EXERCISE — Write out the data below in full. Keep it exact.

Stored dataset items
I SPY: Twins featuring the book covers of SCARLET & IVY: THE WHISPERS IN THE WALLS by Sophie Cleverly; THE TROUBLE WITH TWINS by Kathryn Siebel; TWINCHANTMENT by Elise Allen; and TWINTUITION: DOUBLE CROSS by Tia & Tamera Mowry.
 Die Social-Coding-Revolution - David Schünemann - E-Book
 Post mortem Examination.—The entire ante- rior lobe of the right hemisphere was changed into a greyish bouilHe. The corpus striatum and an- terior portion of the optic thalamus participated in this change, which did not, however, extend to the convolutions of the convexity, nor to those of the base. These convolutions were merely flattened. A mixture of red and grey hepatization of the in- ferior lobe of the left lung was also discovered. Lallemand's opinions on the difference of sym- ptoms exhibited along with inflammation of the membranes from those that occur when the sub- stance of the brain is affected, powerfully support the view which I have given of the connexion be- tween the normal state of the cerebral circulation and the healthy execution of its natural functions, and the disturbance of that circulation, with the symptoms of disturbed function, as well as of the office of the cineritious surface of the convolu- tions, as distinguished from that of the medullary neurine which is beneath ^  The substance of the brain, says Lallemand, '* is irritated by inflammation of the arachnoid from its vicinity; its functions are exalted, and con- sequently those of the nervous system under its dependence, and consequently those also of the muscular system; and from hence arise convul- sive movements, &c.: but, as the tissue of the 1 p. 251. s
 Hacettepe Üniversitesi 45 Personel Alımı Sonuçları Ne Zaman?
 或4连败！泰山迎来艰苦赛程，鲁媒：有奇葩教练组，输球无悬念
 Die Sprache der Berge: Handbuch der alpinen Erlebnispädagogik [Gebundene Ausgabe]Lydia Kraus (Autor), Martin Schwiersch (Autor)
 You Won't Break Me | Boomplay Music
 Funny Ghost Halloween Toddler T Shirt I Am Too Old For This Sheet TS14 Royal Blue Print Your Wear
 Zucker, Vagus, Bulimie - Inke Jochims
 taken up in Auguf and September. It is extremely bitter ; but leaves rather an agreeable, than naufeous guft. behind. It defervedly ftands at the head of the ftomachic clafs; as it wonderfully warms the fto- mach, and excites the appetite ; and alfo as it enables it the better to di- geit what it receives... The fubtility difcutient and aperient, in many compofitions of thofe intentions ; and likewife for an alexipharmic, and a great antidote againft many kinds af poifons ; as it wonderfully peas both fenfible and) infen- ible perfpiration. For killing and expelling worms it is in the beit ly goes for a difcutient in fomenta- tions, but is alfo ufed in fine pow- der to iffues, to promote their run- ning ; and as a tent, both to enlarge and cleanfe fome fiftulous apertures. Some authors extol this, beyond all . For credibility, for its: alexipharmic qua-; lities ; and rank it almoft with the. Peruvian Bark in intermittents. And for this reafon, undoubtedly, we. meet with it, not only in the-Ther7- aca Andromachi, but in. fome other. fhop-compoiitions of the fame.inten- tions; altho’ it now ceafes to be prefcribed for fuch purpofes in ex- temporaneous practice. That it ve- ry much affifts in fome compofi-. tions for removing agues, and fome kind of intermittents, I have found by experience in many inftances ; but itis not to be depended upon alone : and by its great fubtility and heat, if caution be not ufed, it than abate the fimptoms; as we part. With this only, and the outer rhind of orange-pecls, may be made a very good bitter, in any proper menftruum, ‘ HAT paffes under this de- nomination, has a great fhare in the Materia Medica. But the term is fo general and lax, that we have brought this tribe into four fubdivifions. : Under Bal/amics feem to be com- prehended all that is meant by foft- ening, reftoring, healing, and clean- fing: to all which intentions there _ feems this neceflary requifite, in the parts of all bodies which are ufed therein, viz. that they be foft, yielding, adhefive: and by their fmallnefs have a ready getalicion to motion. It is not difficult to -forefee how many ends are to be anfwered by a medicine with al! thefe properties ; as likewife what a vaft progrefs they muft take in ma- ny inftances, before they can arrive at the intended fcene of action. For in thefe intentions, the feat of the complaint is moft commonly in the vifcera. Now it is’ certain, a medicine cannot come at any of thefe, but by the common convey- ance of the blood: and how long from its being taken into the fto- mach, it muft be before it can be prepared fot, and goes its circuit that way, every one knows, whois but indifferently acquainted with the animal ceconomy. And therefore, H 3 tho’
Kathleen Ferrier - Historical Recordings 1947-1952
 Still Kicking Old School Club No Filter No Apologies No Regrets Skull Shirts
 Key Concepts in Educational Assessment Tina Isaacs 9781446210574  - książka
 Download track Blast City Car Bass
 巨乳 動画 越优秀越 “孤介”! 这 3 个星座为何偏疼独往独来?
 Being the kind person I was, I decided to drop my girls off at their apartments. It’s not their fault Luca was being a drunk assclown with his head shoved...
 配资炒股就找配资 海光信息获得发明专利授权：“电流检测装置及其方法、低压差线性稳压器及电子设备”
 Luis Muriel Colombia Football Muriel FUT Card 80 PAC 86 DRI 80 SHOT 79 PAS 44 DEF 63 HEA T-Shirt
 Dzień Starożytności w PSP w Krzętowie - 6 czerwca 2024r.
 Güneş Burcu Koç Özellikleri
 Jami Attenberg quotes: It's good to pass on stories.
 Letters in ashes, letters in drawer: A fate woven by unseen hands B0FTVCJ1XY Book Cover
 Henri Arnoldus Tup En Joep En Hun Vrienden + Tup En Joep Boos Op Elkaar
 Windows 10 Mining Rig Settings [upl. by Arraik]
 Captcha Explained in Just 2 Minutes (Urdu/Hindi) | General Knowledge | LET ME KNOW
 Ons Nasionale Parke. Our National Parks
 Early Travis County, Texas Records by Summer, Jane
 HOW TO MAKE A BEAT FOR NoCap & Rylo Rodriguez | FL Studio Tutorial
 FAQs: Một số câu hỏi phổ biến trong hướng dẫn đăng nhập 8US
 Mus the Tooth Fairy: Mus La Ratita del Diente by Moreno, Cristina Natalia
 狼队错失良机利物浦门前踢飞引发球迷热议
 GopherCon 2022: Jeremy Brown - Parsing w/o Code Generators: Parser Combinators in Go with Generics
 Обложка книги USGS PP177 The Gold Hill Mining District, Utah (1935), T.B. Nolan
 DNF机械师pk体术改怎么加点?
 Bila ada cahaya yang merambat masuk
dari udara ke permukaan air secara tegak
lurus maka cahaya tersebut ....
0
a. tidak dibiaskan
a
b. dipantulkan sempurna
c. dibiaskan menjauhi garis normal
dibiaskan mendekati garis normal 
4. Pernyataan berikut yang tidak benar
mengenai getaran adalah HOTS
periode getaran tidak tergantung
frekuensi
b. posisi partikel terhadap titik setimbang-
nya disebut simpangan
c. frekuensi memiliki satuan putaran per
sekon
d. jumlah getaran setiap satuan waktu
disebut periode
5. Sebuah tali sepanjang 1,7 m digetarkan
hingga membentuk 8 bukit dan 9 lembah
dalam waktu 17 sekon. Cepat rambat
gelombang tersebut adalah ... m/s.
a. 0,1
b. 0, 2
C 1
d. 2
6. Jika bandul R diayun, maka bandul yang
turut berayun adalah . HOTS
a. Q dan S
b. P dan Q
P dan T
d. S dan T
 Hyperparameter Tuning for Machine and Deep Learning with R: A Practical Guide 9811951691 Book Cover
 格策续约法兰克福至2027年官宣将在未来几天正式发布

TASK SOLUTION —
I SPY: Twins featuring the book covers of SCARLET & IVY: THE WHISPERS IN THE WALLS by Sophie Cleverly; THE TROUBLE WITH TWINS by Kathryn Siebel; TWINCHANTMENT by Elise Allen; and TWINTUITION: DOUBLE CROSS by Tia & Tamera Mowry.
 Die Social-Coding-Revolution - David Schünemann - E-Book
 Post mortem Examination.—The entire ante- rior lobe of the right hemisphere was changed into a greyish bouilHe. The corpus striatum and an- terior portion of the optic thalamus participated in this change, which did not, however, extend to the convolutions of the convexity, nor to those of the base. These convolutions were merely flattened. A mixture of red and grey hepatization of the in- ferior lobe of the left lung was also discovered. Lallemand's opinions on the difference of sym- ptoms exhibited along with inflammation of the membranes from those that occur when the sub- stance of the brain is affected, powerfully support the view which I have given of the connexion be- tween the normal state of the cerebral circulation and the healthy execution of its natural functions, and the disturbance of that circulation, with the symptoms of disturbed function, as well as of the office of the cineritious surface of the convolu- tions, as distinguished from that of the medullary neurine which is beneath ^  The substance of the brain, says Lallemand, '* is irritated by inflammation of the arachnoid from its vicinity; its functions are exalted, and con- sequently those of the nervous system under its dependence, and consequently those also of the muscular system; and from hence arise convul- sive movements, &c.: but, as the tissue of the 1 p. 251. s
 Hacettepe Üniversitesi 45 Personel Alımı Sonuçları Ne Zaman?
 或4连败！泰山迎来艰苦赛程，鲁媒：有奇葩教练组，输球无悬念
 Die Sprache der Berge: Handbuch der alpinen Erlebnispädagogik [Gebundene Ausgabe]Lydia Kraus (Autor), Martin Schwiersch (Autor)
 You Won't Break Me | Boomplay Music
 Funny Ghost Halloween Toddler T Shirt I Am Too Old For This Sheet TS14 Royal Blue Print Your Wear
 Zucker, Vagus, Bulimie - Inke Jochims
 taken up in Auguf and September. It is extremely bitter ; but leaves rather an agreeable, than naufeous guft. behind. It defervedly ftands at the head of the ftomachic clafs; as it wonderfully warms the fto- mach, and excites the appetite ; and alfo as it enables it the better to di- geit what it receives... The fubtility difcutient and aperient, in many compofitions of thofe intentions ; and likewife for an alexipharmic, and a great antidote againft many kinds af poifons ; as it wonderfully peas both fenfible and) infen- ible perfpiration. For killing and expelling worms it is in the beit ly goes for a difcutient in fomenta- tions, but is alfo ufed in fine pow- der to iffues, to promote their run- ning ; and as a tent, both to enlarge and cleanfe fome fiftulous apertures. Some authors extol this, beyond all . For credibility, for its: alexipharmic qua-; lities ; and rank it almoft with the. Peruvian Bark in intermittents. And for this reafon, undoubtedly, we. meet with it, not only in the-Ther7- aca Andromachi, but in. fome other. fhop-compoiitions of the fame.inten- tions; altho’ it now ceafes to be prefcribed for fuch purpofes in ex- temporaneous practice. That it ve- ry much affifts in fome compofi-. tions for removing agues, and fome kind of intermittents, I have found by experience in many inftances ; but itis not to be depended upon alone : and by its great fubtility and heat, if caution be not ufed, it than abate the fimptoms; as we part. With this only, and the outer rhind of orange-pecls, may be made a very good bitter, in any proper menftruum, ‘ HAT paffes under this de- nomination, has a great fhare in the Materia Medica. But the term is fo general and lax, that we have brought this tribe into four fubdivifions. : Under Bal/amics feem to be com- prehended all that is meant by foft- ening, reftoring, healing, and clean- fing: to all which intentions there _ feems this neceflary requifite, in the parts of all bodies which are ufed therein, viz. that they be foft, yielding, adhefive: and by their fmallnefs have a ready getalicion to motion. It is not difficult to -forefee how many ends are to be anfwered by a medicine with al! thefe properties ; as likewife what a vaft progrefs they muft take in ma- ny inftances, before they can arrive at the intended fcene of action. For in thefe intentions, the feat of the complaint is moft commonly in the vifcera. Now it is’ certain, a medicine cannot come at any of thefe, but by the common convey- ance of the blood: and how long from its being taken into the fto- mach, it muft be before it can be prepared fot, and goes its circuit that way, every one knows, whois but indifferently acquainted with the animal ceconomy. And therefore, H 3 tho’
Kathleen Ferrier - Historical Recordings 1947-1952
 Still Kicking Old School Club No Filter No Apologies No Regrets Skull Shirts
 Key Concepts in Educational Assessment Tina Isaacs 9781446210574  - książka
 Download track Blast City Car Bass
 巨乳 動画 越优秀越 “孤介”! 这 3 个星座为何偏疼独往独来?
 Being the kind person I was, I decided to drop my girls off at their apartments. It’s not their fault Luca was being a drunk assclown with his head shoved...
 配资炒股就找配资 海光信息获得发明专利授权：“电流检测装置及其方法、低压差线性稳压器及电子设备”
 Luis Muriel Colombia Football Muriel FUT Card 80 PAC 86 DRI 80 SHOT 79 PAS 44 DEF 63 HEA T-Shirt
 Dzień Starożytności w PSP w Krzętowie - 6 czerwca 2024r.
 Güneş Burcu Koç Özellikleri
 Jami Attenberg quotes: It's good to pass on stories.
 Letters in ashes, letters in drawer: A fate woven by unseen hands B0FTVCJ1XY Book Cover
 Henri Arnoldus Tup En Joep En Hun Vrienden + Tup En Joep Boos Op Elkaar
 Windows 10 Mining Rig Settings [upl. by Arraik]
 Captcha Explained in Just 2 Minutes (Urdu/Hindi) | General Knowledge | LET ME KNOW
 Ons Nasionale Parke. Our National Parks
 Early Travis County, Texas Records by Summer, Jane
 HOW TO MAKE A BEAT FOR NoCap & Rylo Rodriguez | FL Studio Tutorial
 FAQs: Một số câu hỏi phổ biến trong hướng dẫn đăng nhập 8US
 Mus the Tooth Fairy: Mus La Ratita del Diente by Moreno, Cristina Natalia
 狼队错失良机利物浦门前踢飞引发球迷热议
 GopherCon 2022: Jeremy Brown - Parsing w/o Code Generators: Parser Combinators in Go with Generics
 Обложка книги USGS PP177 The Gold Hill Mining District, Utah (1935), T.B. Nolan
 DNF机械师pk体术改怎么加点?
 Bila ada cahaya yang merambat masuk
dari udara ke permukaan air secara tegak
lurus maka cahaya tersebut ....
0
a. tidak dibiaskan
a
b. dipantulkan sempurna
c. dibiaskan menjauhi garis normal
dibiaskan mendekati garis normal 
4. Pernyataan berikut yang tidak benar
mengenai getaran adalah HOTS
periode getaran tidak tergantung
frekuensi
b. posisi partikel terhadap titik setimbang-
nya disebut simpangan
c. frekuensi memiliki satuan putaran per
sekon
d. jumlah getaran setiap satuan waktu
disebut periode
5. Sebuah tali sepanjang 1,7 m digetarkan
hingga membentuk 8 bukit dan 9 lembah
dalam waktu 17 sekon. Cepat rambat
gelombang tersebut adalah ... m/s.
a. 0,1
b. 0, 2
C 1
d. 2
6. Jika bandul R diayun, maka bandul yang
turut berayun adalah . HOTS
a. Q dan S
b. P dan Q
P dan T
d. S dan T
 Hyperparameter Tuning for Machine and Deep Learning with R: A Practical Guide 9811951691 Book Cover
 格策续约法兰克福至2027年官宣将在未来几天正式发布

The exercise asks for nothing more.